Short text fragments from websites:
· · · ·

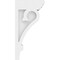 Ekena Millwork Standard Mayflower Architectural Grade PVC Corbel, 3"W x 5"D x 10"H CORP03X05X10MAY - alternate 2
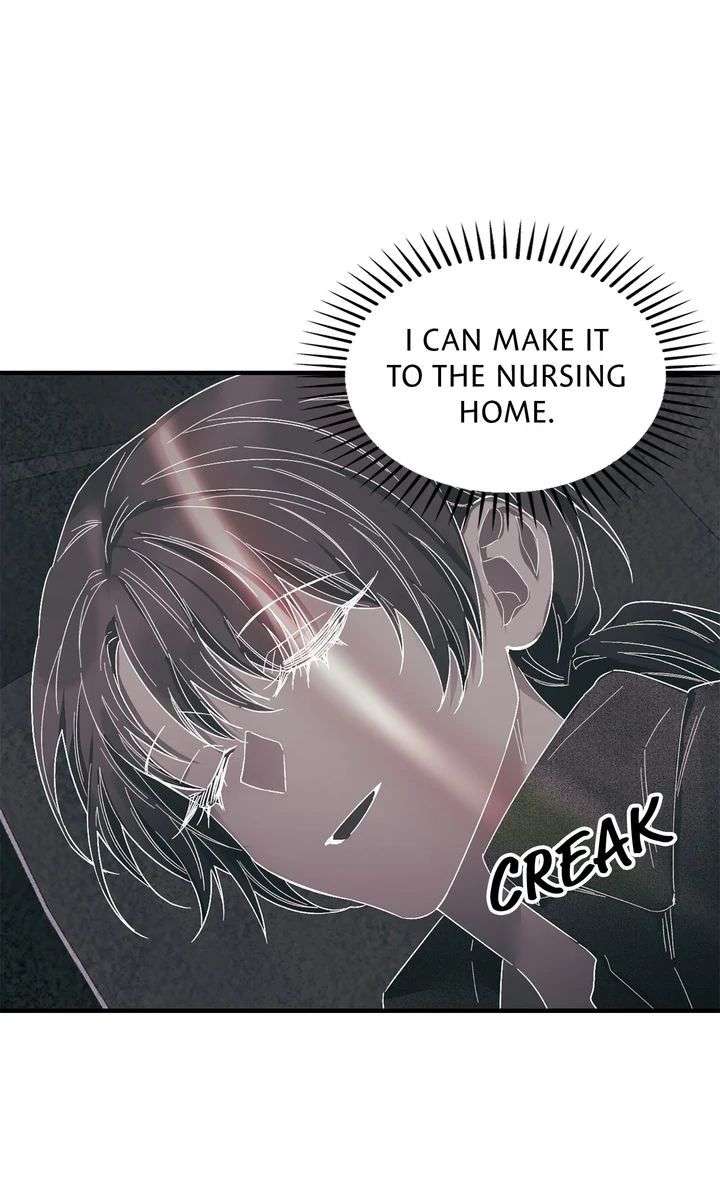 The House of Blind Sheep (Official) Chapter 25 - Page 14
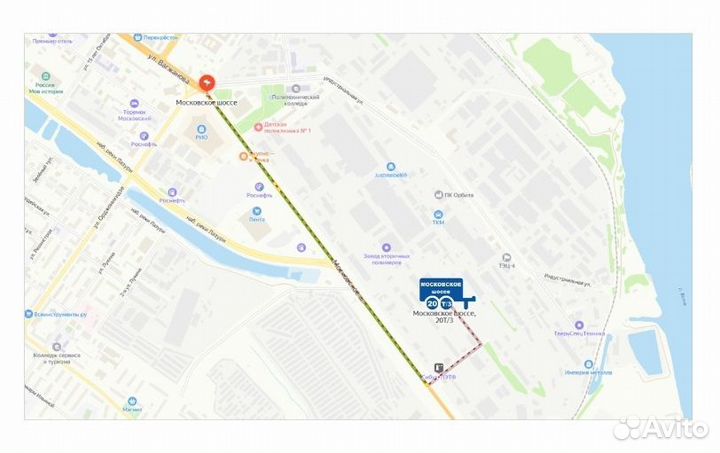 Прицеп легковой 3,5 х 1,5 метра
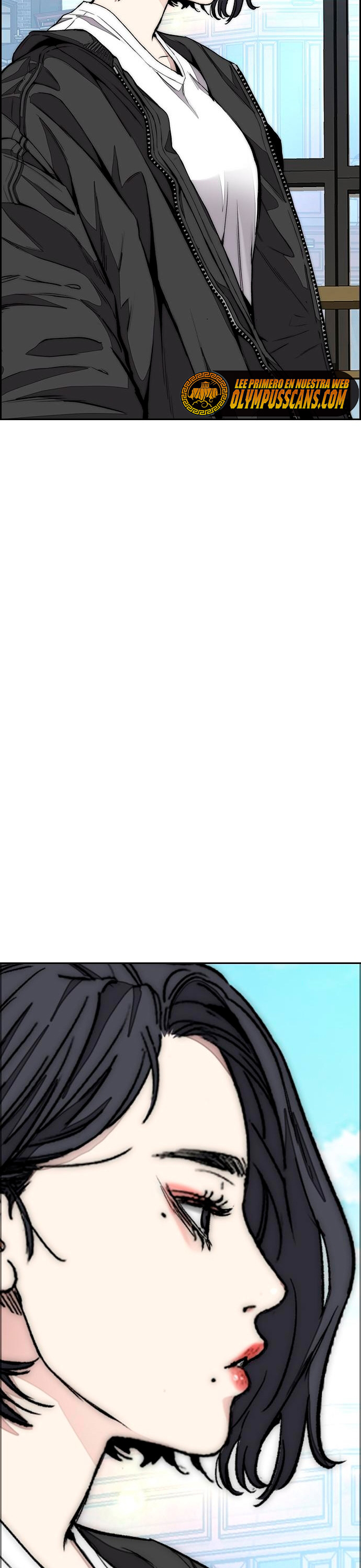 Read Wind Breaker Manhwa Español Manga Online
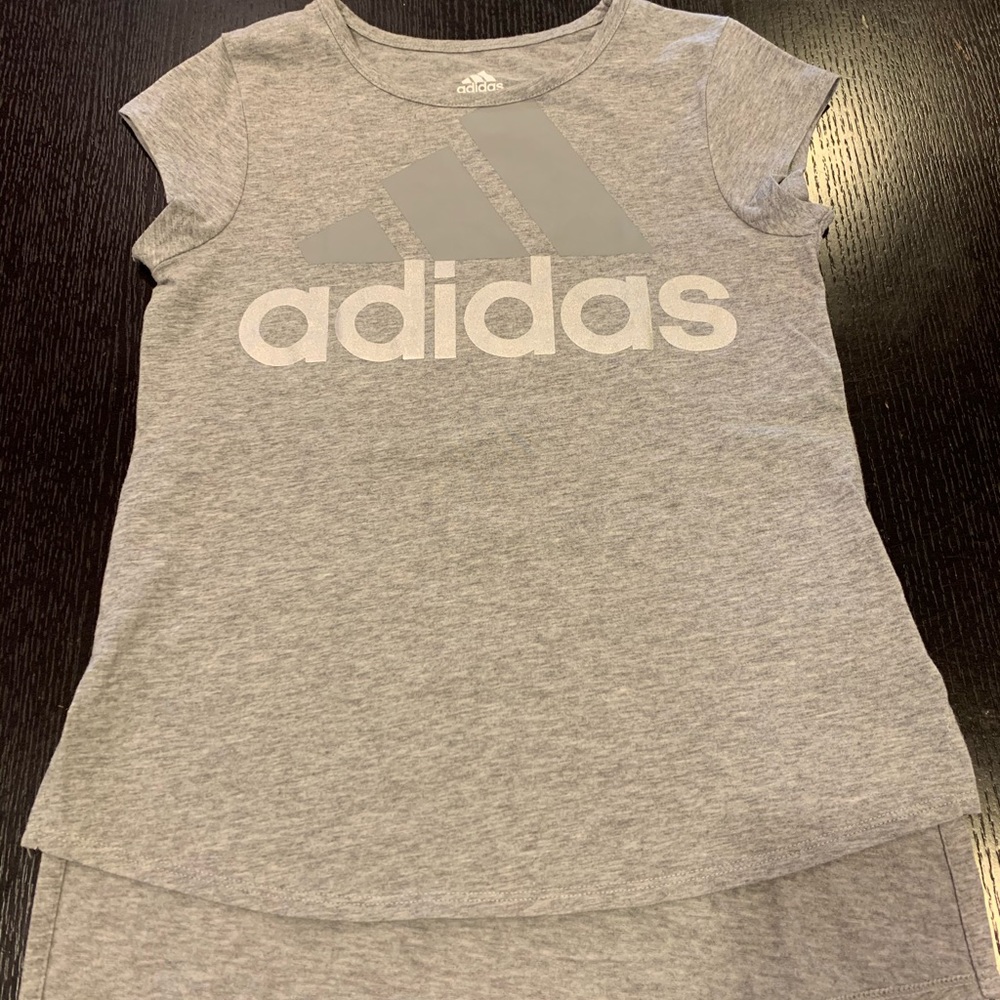 Adidas Girl’s T-Shirt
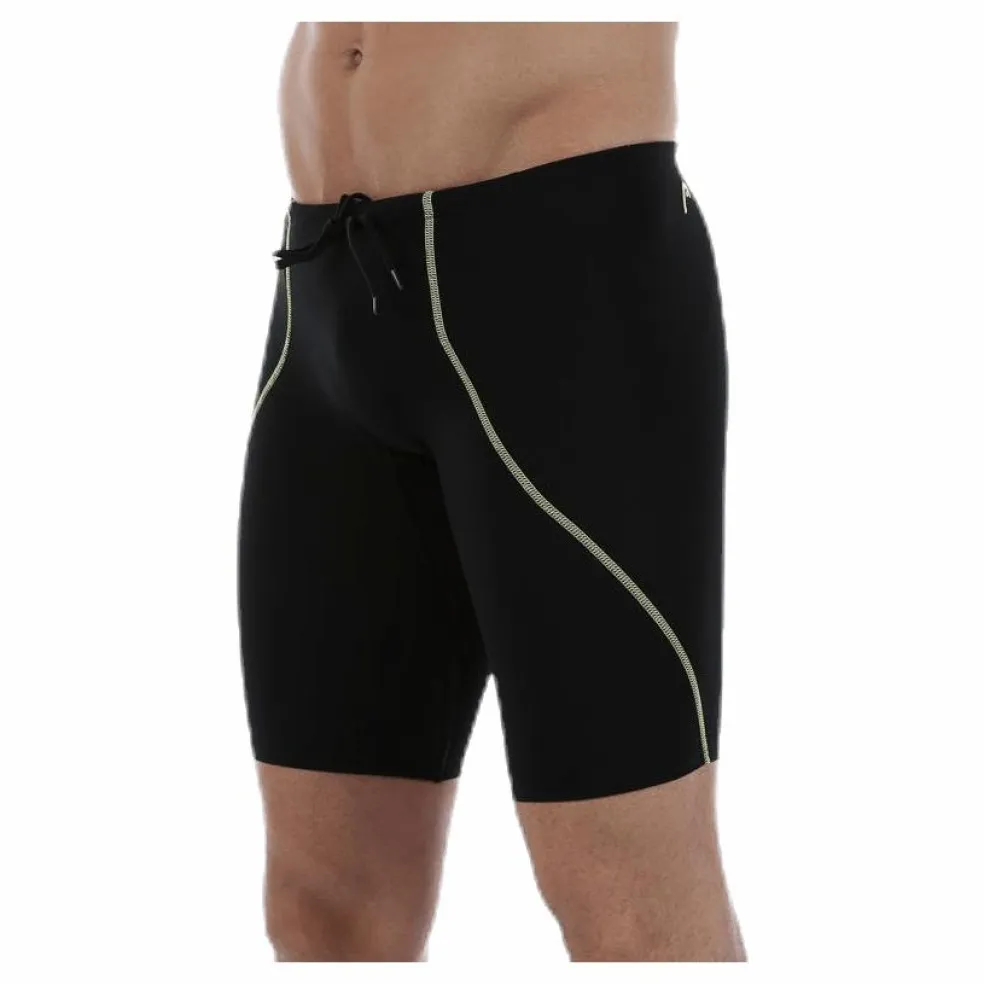 Solid Y 45 Green/Black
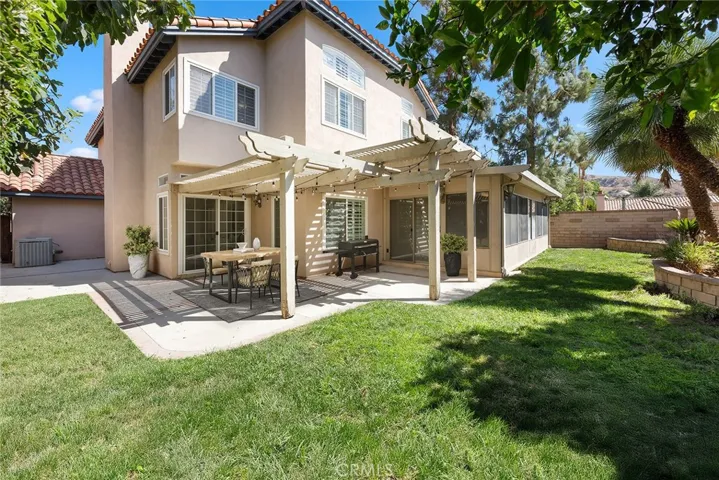 28680 Evening Breeze Drive, Yorba Linda, California 92887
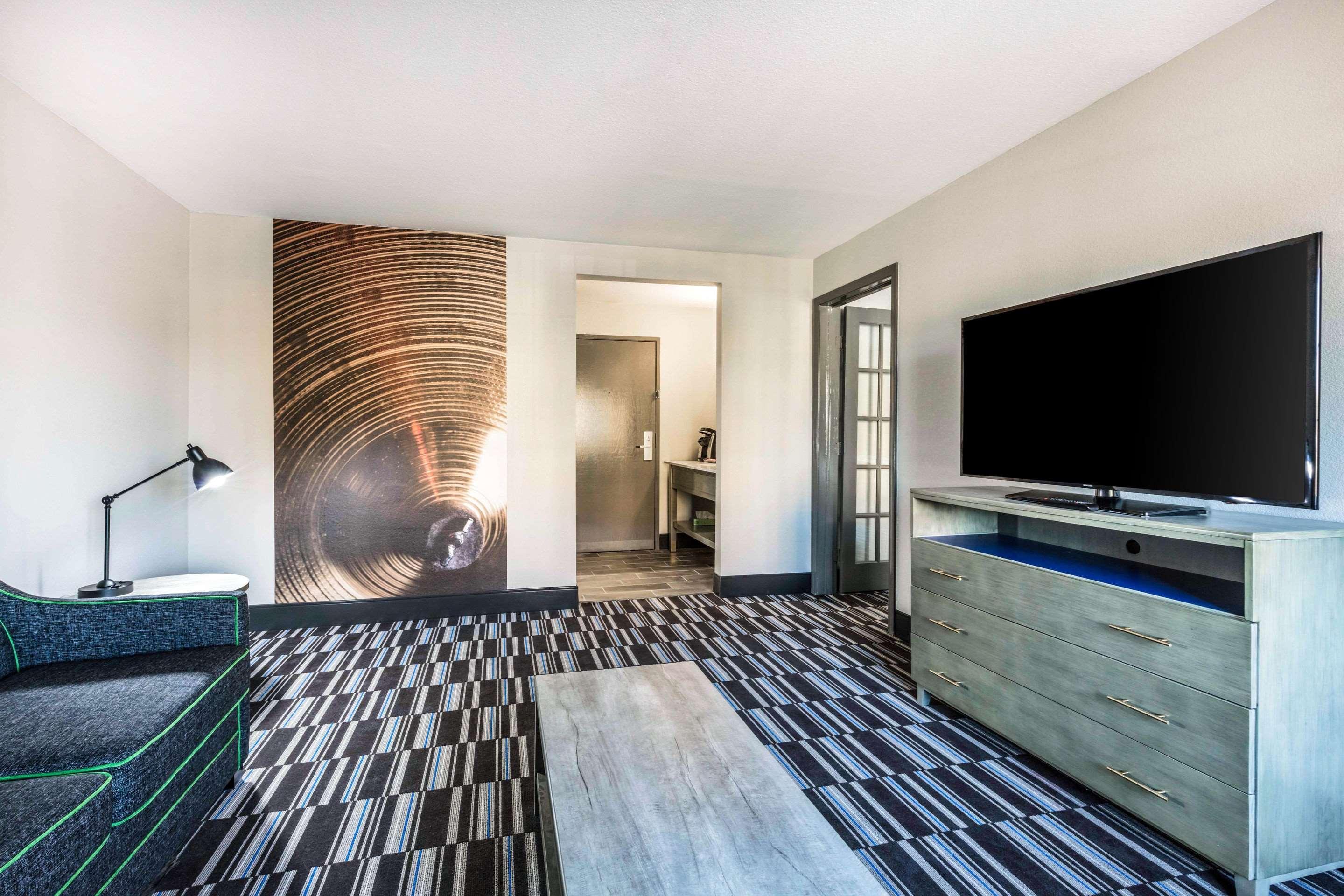 Comfort Inn Airport Μέμφις Εξωτερικό φωτογραφία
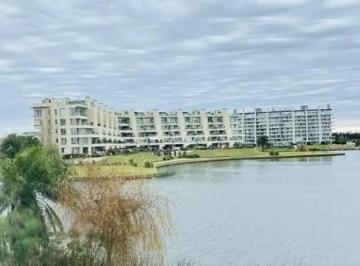 Departamento · 224m² · 3 Ambientes · 2 Cocheras · Departamento en Alquiler 3 Ambientes Amoblado con Pileta en Praia, Portezuelo, Nordelta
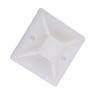 Nylon Cable Tie Mounts
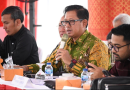 Sudjatmiko: Evaluasi Sistem Perkeretaapian Suatu Keharusan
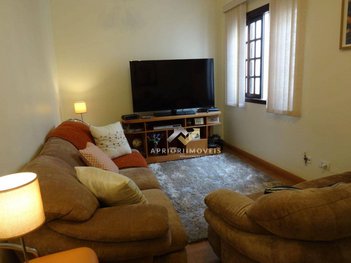 apartment em Rua Taquacetuba, Vila Pires - Santo André - SP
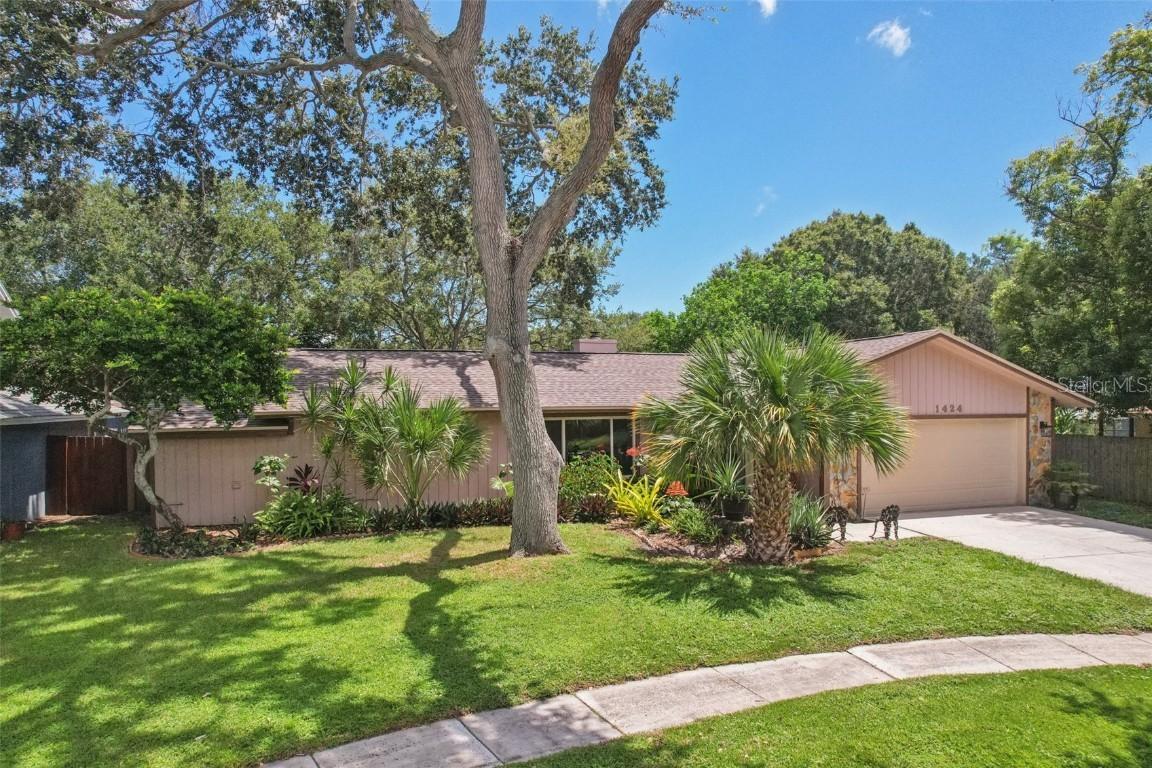 1424 Rosetree Ct., Clearwater, FL 33764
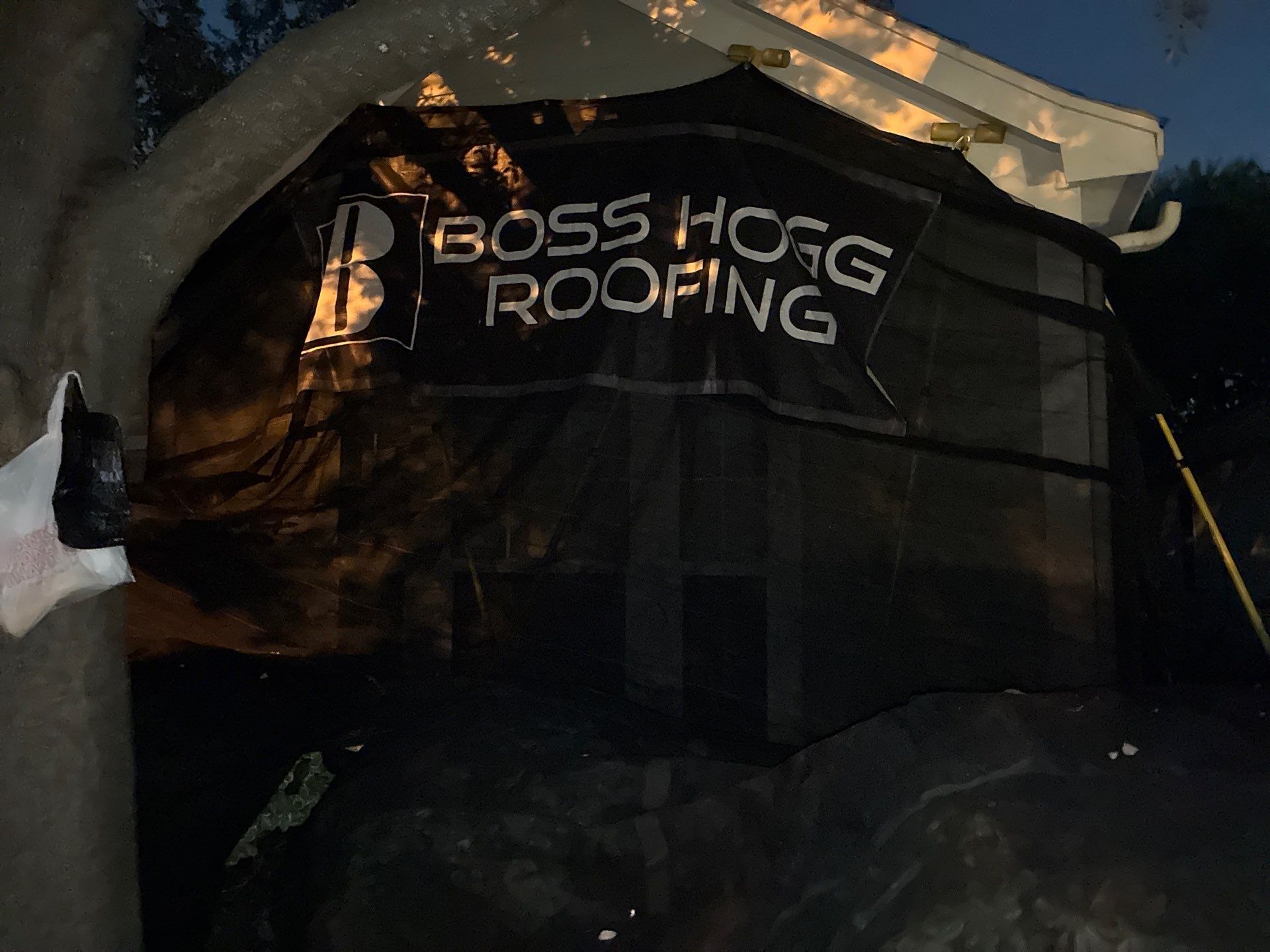 John H by Boss Hogg Roofing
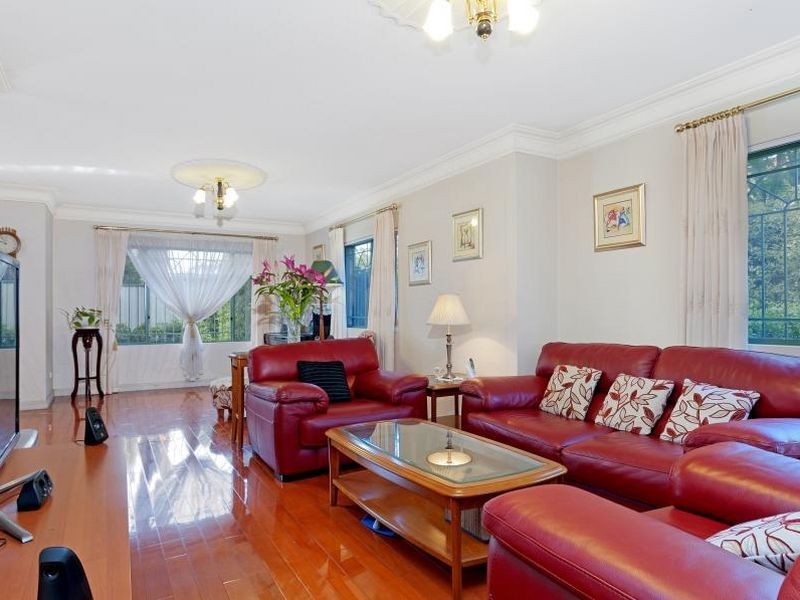 1/83 North Rocks Road, North Rocks NSW 2151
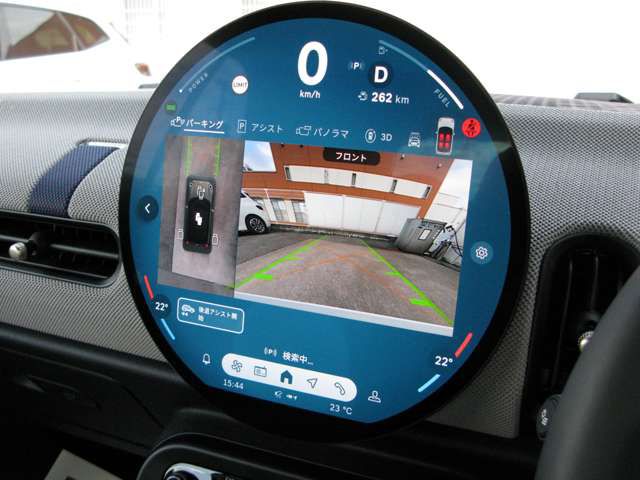 F67 MINI Cooper Convertible S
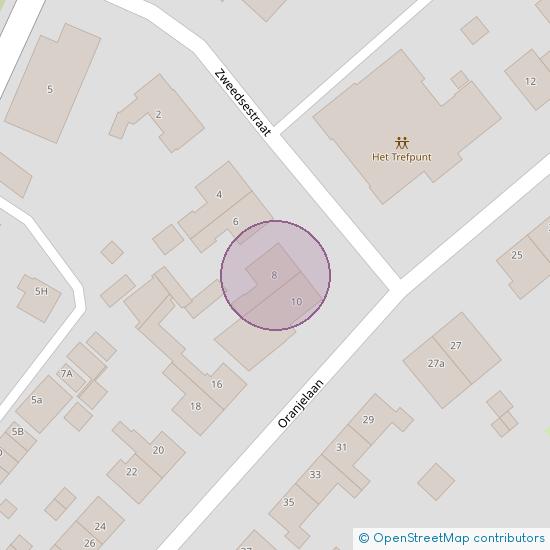 Zweedsestraat 8 3243 AZ Stad aan 't Haringvliet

· · · ·

■ Exercise brief ■
Copy nothing but the lines above from the one with "Прицеп легковой 3,5 х 1,5 метра" to the one with "F67 MINI Cooper Convertible S", inclusive, word for word. Leave every picture out.

■ Solution ■
 Прицеп легковой 3,5 х 1,5 метра
 Read Wind Breaker Manhwa Español Manga Online
 Adidas Girl’s T-Shirt
 Solid Y 45 Green/Black
 28680 Evening Breeze Drive, Yorba Linda, California 92887
 Comfort Inn Airport Μέμφις Εξωτερικό φωτογραφία
 Departamento · 224m² · 3 Ambientes · 2 Cocheras · Departamento en Alquiler 3 Ambientes Amoblado con Pileta en Praia, Portezuelo, Nordelta
 Nylon Cable Tie Mounts
 Sudjatmiko: Evaluasi Sistem Perkeretaapian Suatu Keharusan
 apartment em Rua Taquacetuba, Vila Pires - Santo André - SP
 1424 Rosetree Ct., Clearwater, FL 33764
 John H by Boss Hogg Roofing
 1/83 North Rocks Road, North Rocks NSW 2151
 F67 MINI Cooper Convertible S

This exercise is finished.